(GIVEN INFORMATION Opens)
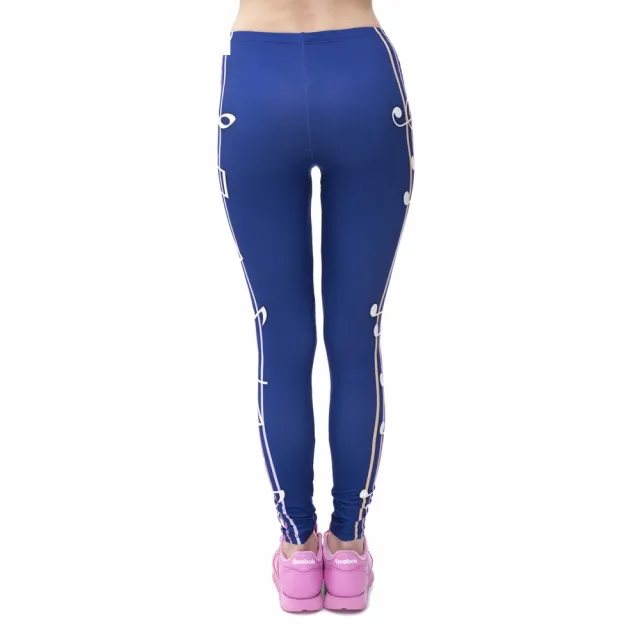 European and American printed cropped trousers Blue - Shop at LoveMi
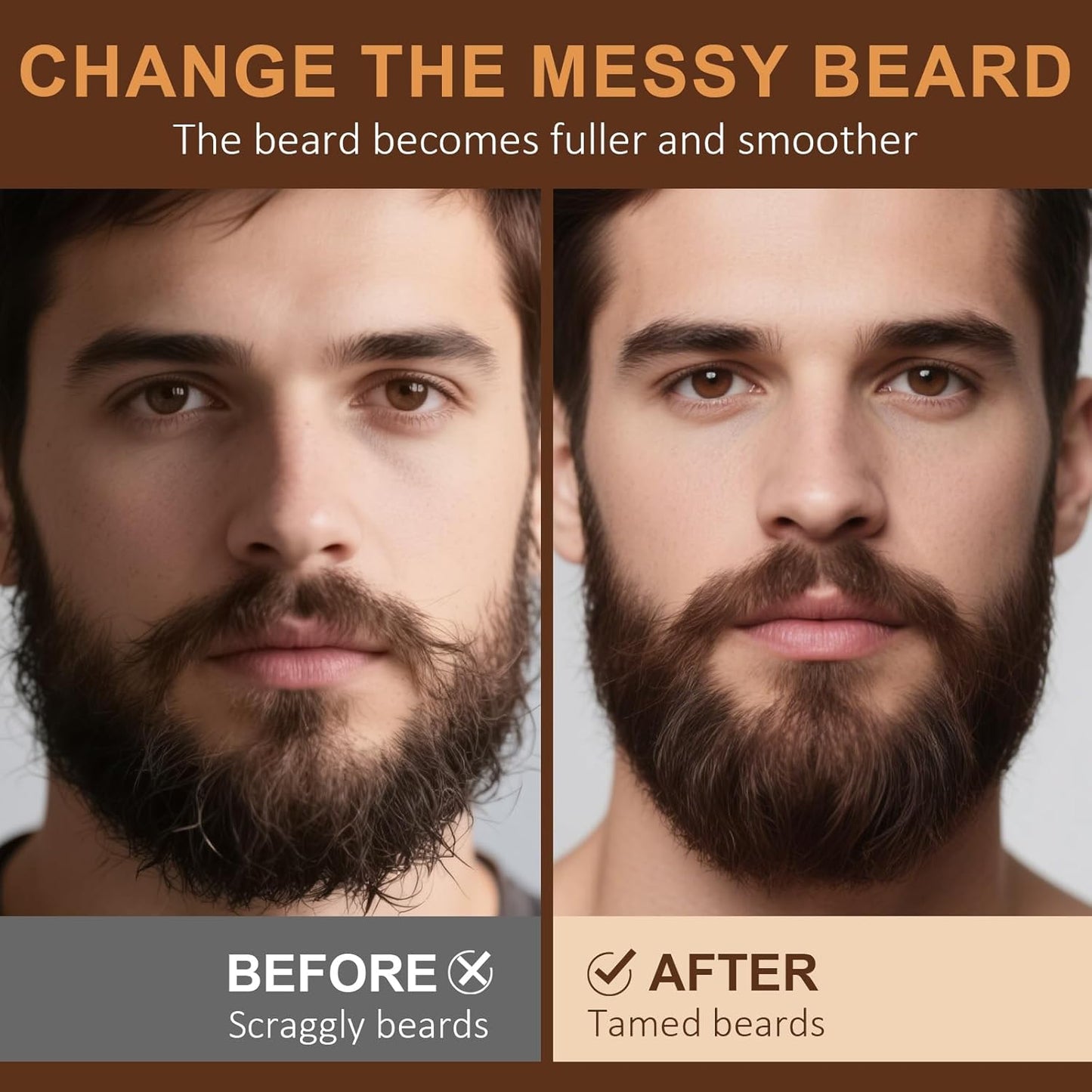 XIKEZAN 5 Pack Beard Oil Set w/Sandalwood, Orange, Vanilla, Cedarwood, Unscented for Beard Care, Moisturizing, Soften,Birthday Gifts for Men Him Dad Husband Christmas Gifts Stocking Stuffers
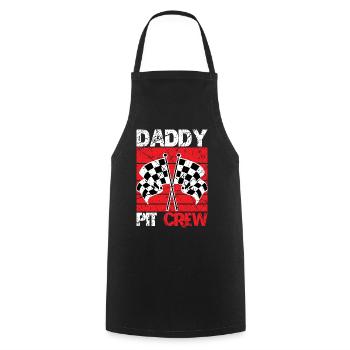 Motorsport Vater Rennfahrer Dad - Kochschürze - Schwarz - Vorne - AI Model Male 185 dark (185cm)
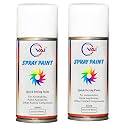 VAI Touch Up Spray Paint Compatible for MAHINDRA DIAMOND WHITE For Scorpio, Bolero, Xylo - 225 Ml Pack of 2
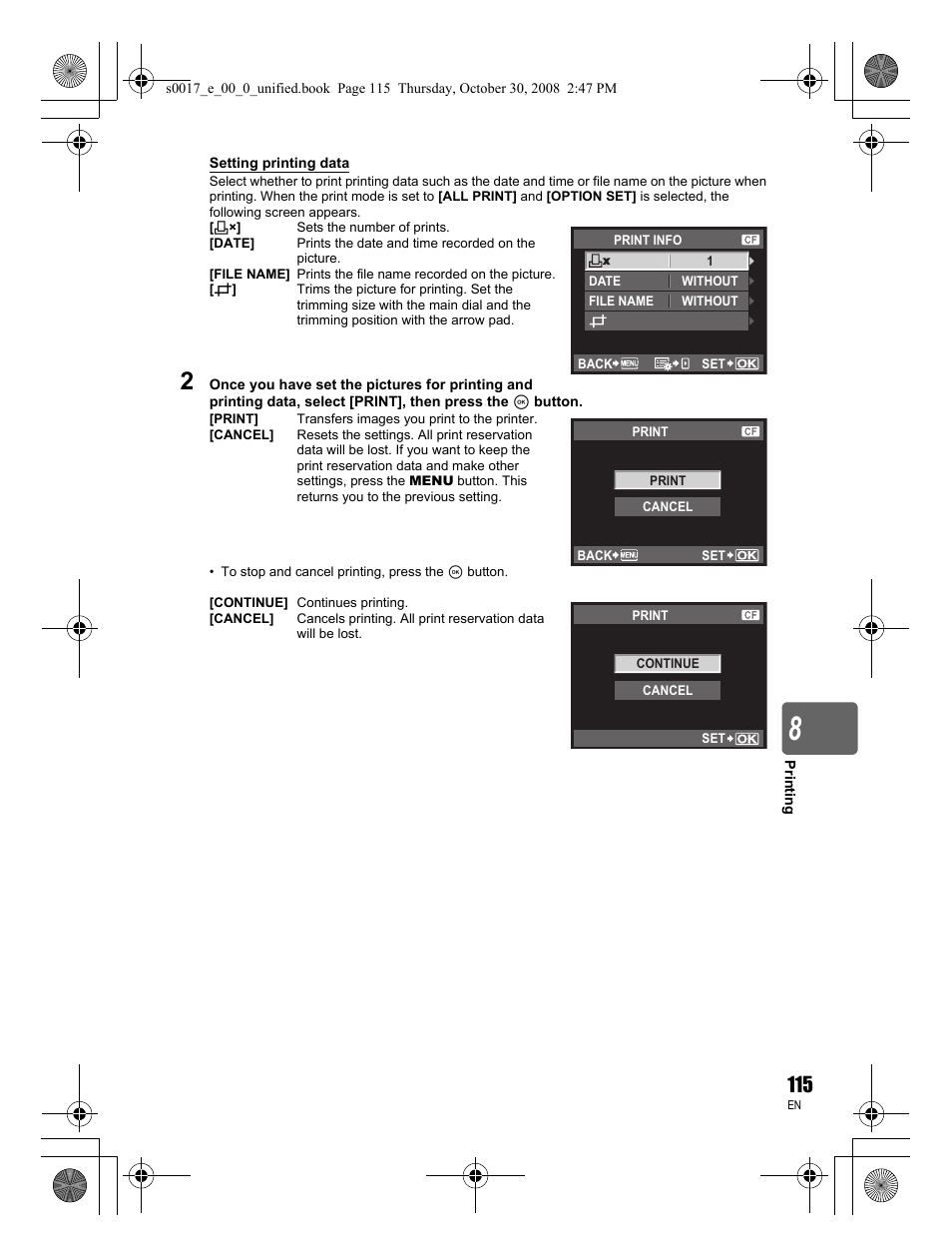 Olympus E-30 User Manual | Page 115 / 156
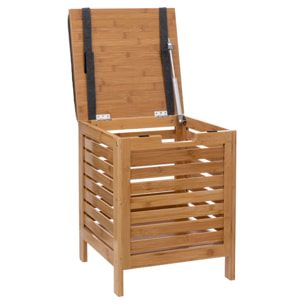 Banc de rangement bambou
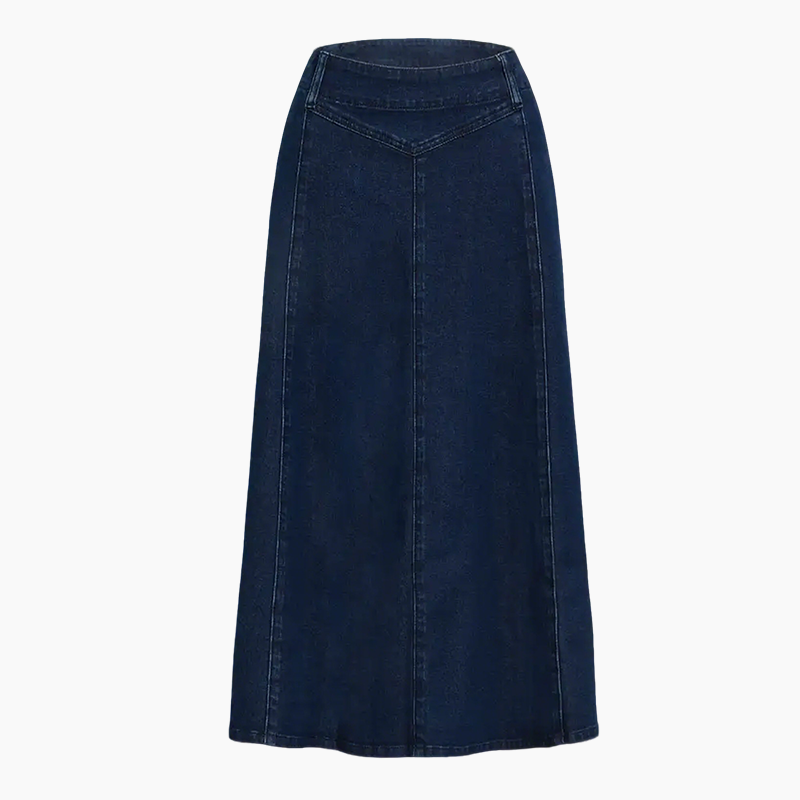 🎁2026 New Arrivals👗Women's Denim Maxi Skirt – High Waist & A-Line Cut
(GIVEN INFORMATION Closes)
- TO DO:
In the records above, find the line containing "Motorsport Vater Rennfahrer" and the line containing "Olympus E-30 User Manual | Page 115 / 156", then give both of them again word for word along with every line between. Omit any pictures.

- SOLUTION FOR THIS TASK:
 Motorsport Vater Rennfahrer Dad - Kochschürze - Schwarz - Vorne - AI Model Male 185 dark (185cm)
 VAI Touch Up Spray Paint Compatible for MAHINDRA DIAMOND WHITE For Scorpio, Bolero, Xylo - 225 Ml Pack of 2
 Olympus E-30 User Manual | Page 115 / 156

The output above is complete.